### Exercise directions
In the records below, the lines between the one holding "The Pearl Chess Set" and the one holding "Ambre participe au", inclusive, are to be transcribed exactly; no pictures are to be included.

Provided information section start

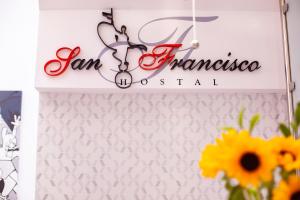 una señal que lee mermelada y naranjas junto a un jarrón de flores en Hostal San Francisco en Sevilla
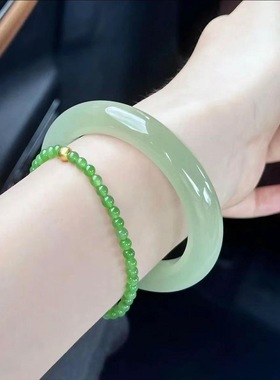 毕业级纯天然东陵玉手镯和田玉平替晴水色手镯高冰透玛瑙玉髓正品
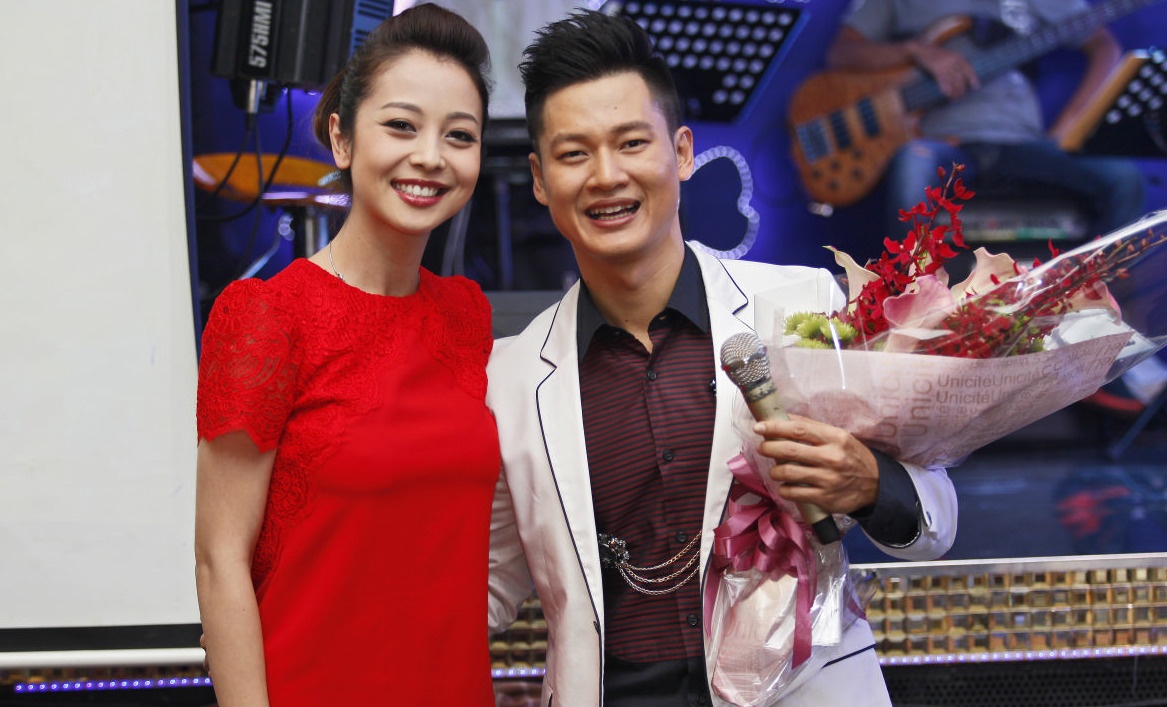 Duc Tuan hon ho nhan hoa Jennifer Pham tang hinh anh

Provided information section end
Provided information section start

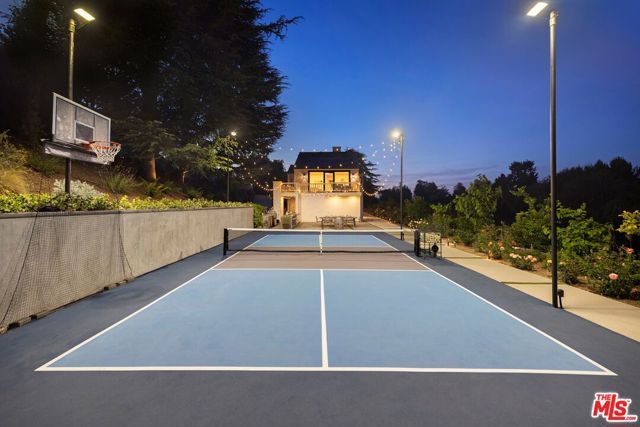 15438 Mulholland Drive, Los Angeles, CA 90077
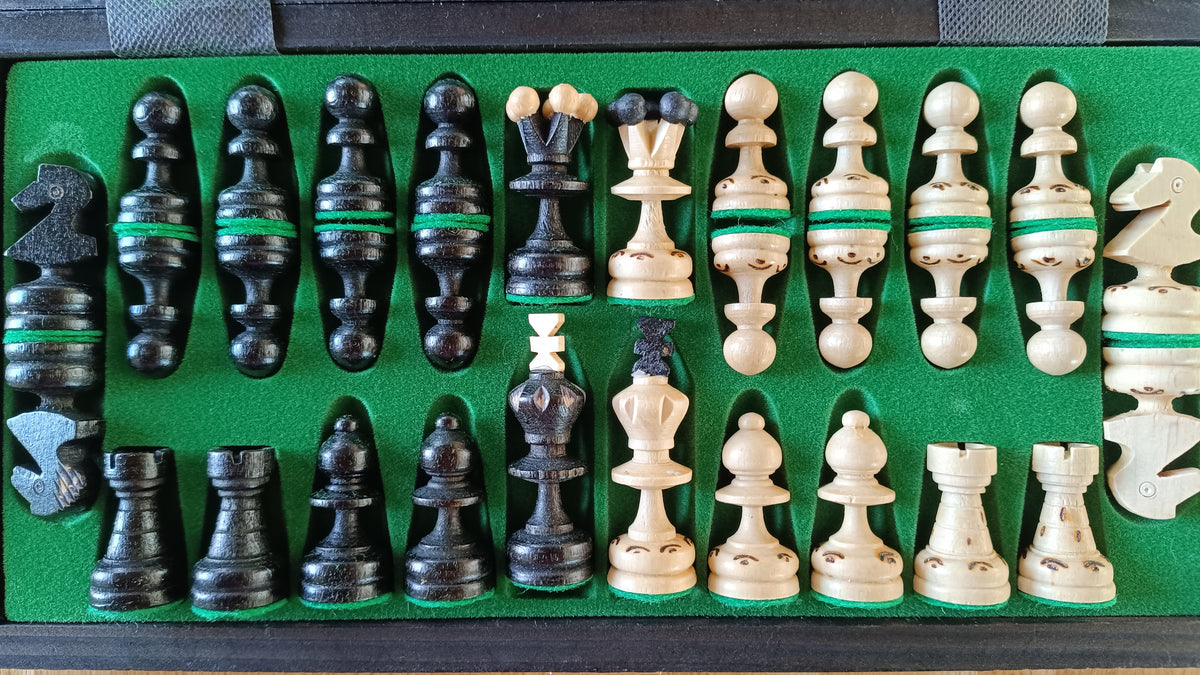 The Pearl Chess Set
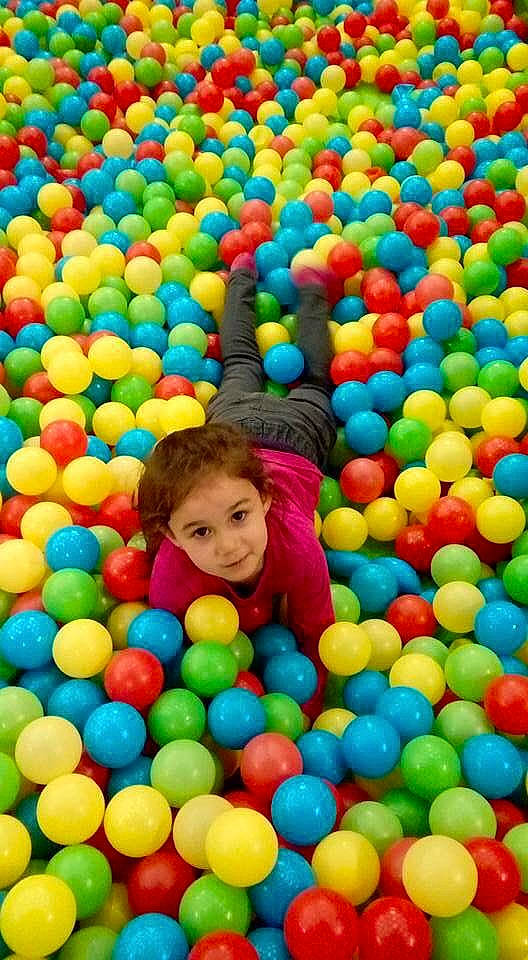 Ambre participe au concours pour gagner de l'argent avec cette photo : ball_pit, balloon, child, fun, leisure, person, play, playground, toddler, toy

Provided information section end
Provided information section start

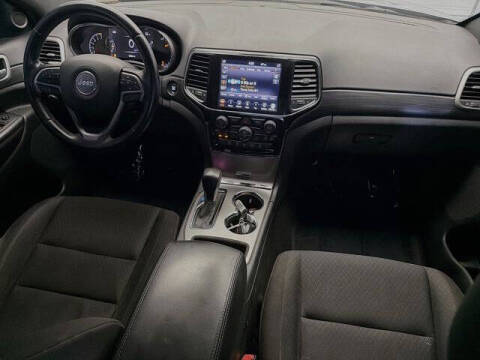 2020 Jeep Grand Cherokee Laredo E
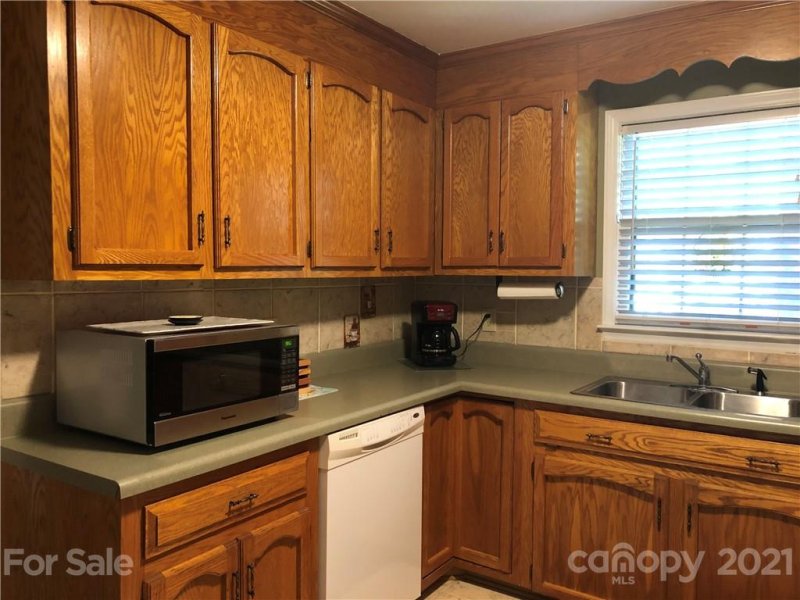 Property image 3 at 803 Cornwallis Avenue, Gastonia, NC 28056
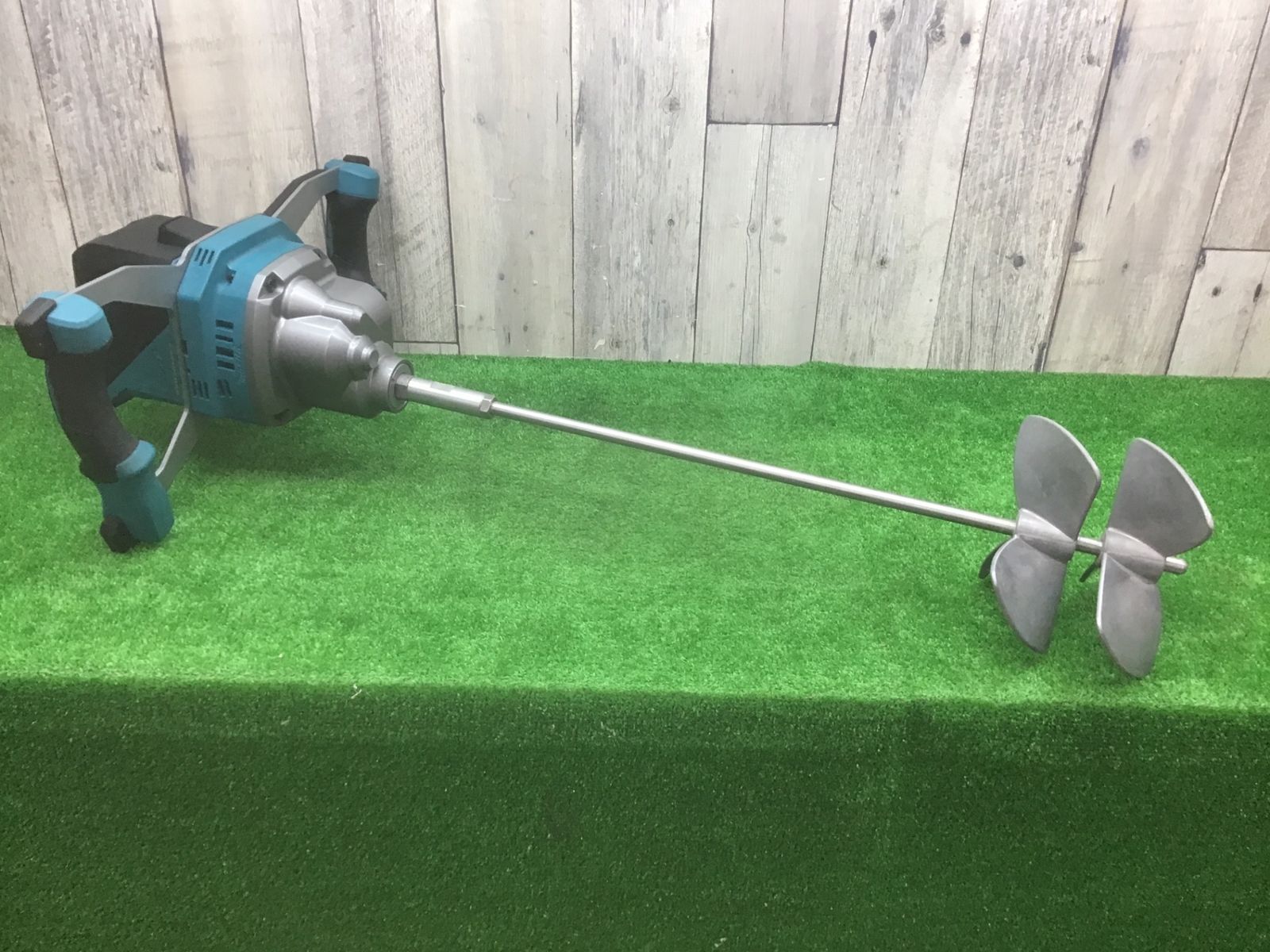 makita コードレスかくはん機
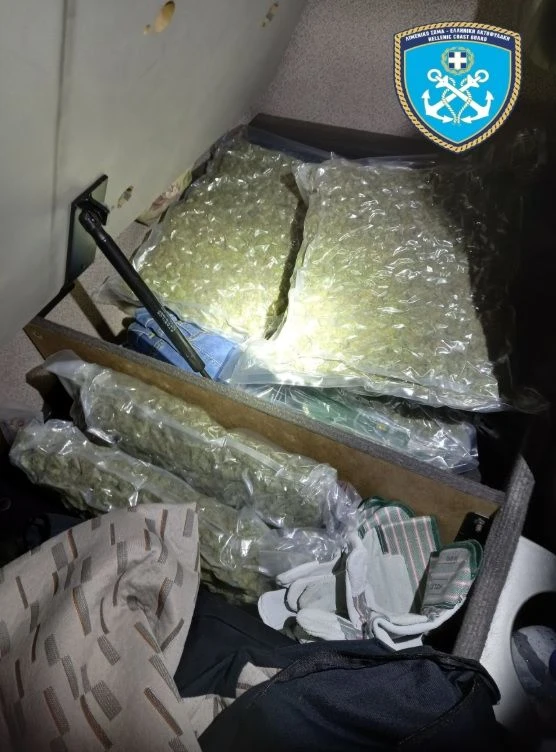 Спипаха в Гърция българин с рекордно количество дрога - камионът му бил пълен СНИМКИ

Provided information section end

### Completed task
 The Pearl Chess Set
 Ambre participe au concours pour gagner de l'argent avec cette photo : ball_pit, balloon, child, fun, leisure, person, play, playground, toddler, toy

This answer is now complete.